Il trasferimento in campagna
Più avanti nelle vicende, Jérôme e Sylvie scelgono di abbandonare la vita mondana trasferendosi in campagna. La differenza con la dimora di Parigi salta subito all’occhio: Jérôme e Sylvie dispongono di molto più spazio. Forse troppo. Ci sono persino anfratti della casa completamente spogli e inutilizzati, dove la loro precedente abitazione era al contrario sommersa in ogni angolo di vari oggetti. Gli oggetti qui sono “comodi” e l’accumulo è tutto sommato ordinato e non soffocante data l’ampiezza disponibile.
Tre rappresentazioni sociali
Come detto, le tre scenografie veicolano un’icastica rappresentazione delle tre maggiori classi sociali – aristocrazia, borghesia, proletariato – in base al differente posizionamento degli oggetti nello spazio e alle diverse modalità di rapporto con il desiderio.

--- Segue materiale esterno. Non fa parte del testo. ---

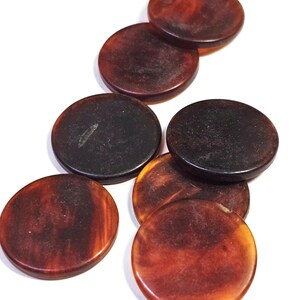 May include: A collection of seven circular buttons featuring a marbled, tortoiseshell-like pattern in varying shades of dark brown, amber, and black. Each button has a smooth, polished surface and a rounded edge, arranged in a loose cluster.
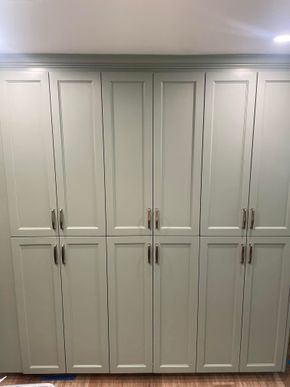 Built-in white kitchen cabinets with silver handles and decorative frosted glass panels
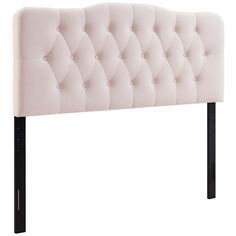 a white headboard with black legs and buttons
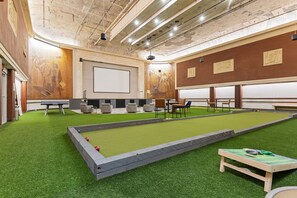 Une salle de billard dotée d’un revêtement de sol vert en gazon synthétique, d’une table de billard et de coins salon.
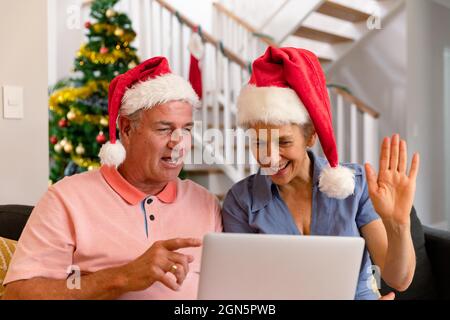 Felice coppia caucasica senior indossando santa Hat, utilizzando un computer portatile, facendo videochiamata a natale Foto Stock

Nella prima abitazione, utopica e frutto di un sogno, lo spazio e gli oggetti sono congruenti. Tutto è al loro posto senza sbavature di alcun tipo, simbolo di un chimerico e irrealizzabile desiderio finalmente soddisfatto.
Nella seconda, lo spazio insufficiente causa uno straripamento di oggetti nello stesso modo in cui è il desiderio a debordare dai limiti, metafora di insoddisfazione massima, di discrasia totale fra l’appagamento e il godimento.
Nell’ultima casa, infine, il godimento è ugualmente impossibile ma per un motivo opposto, poiché la sfasatura è causata stavolta non dalla ristrettezza bensì dall’eccessiva abbondanza di spazio; sono gli oggetti ad essere in minoranza, è il desiderio a non corrispondere al godimento possibile.
Se la casa onirica appartiene al mondo dell’aristocrazia – in cui ogni desiderio è immediatamente soddisfatto –, la terza può essere considerata come la tipica dimora di una classe meno abbiente, dove la mancanza di vedute e prospettive impedisce lo sviluppo del desiderio che rimane così sopito.
L’appartamento parigino di Jérôme e Sylvie, invece, rappresenta ciò che realmente sono; piccolo-borghesi dall’ambizione straripante e incontrollata, tragicamente circoscritti in un ambiente troppo ristretto per le loro inclinazioni.